Пишите письма → alex@covax.me

Георгий Данелия — «Безбилетный пассажир»

Георгий Данелия — живая легенда советского кинематографа, постановщик таких фильмов, как «Я шагаю по Москве», «Мимино», «Афоня», «Осенний марафон», «Кин-дза-дза» и многих других. Его книга является эпизодичной автобиографией, по ходу которой раскрывается процесс создания кино в те времена: выбор тем для сценария, поиски актеров, «цензура», курьезы на съемочной площадке, истории из жизни звезд советского кино, поездки на зарубежные фестивали и т.д.

Книга читается очень легко и быстро. Истории затягивают. Звездные фамилии типа Леонова, которые ты слышал еще в детстве, здесь оживают и становятся обычными людьми со своими проблемами и трудностями.

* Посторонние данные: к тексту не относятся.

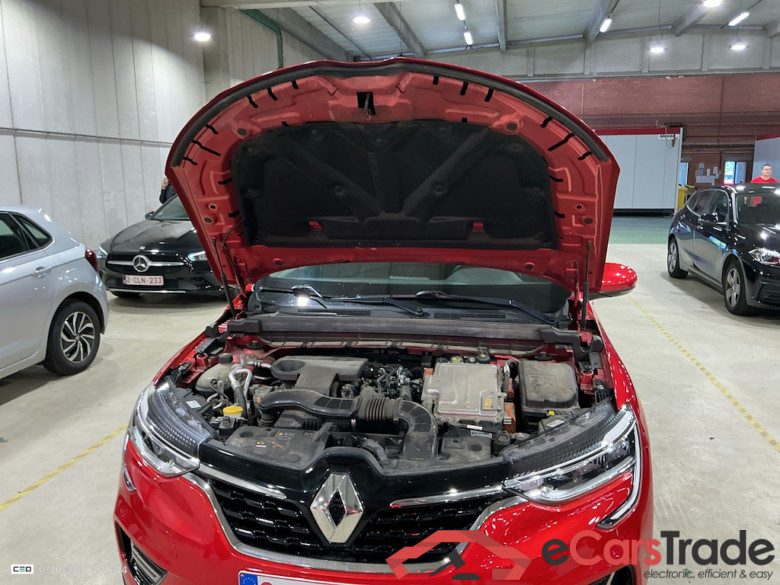 RENAULT ARKANA 1.6 E-TECH 145 CORPORATE EDITION #6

Все написано искренне, беззлобно, нет никакого «диссидентства» и ненависти к режиму, так часто присущего некоторым обиженным «творцам» советского периода. Данелии незачем кричать, что его зажимала кровавая гебня и строить из себя протестного героя, это чистая и светлая книга. Про цензуру очень хорошо написано, многие удивятся, как был построен процесс на самом деле.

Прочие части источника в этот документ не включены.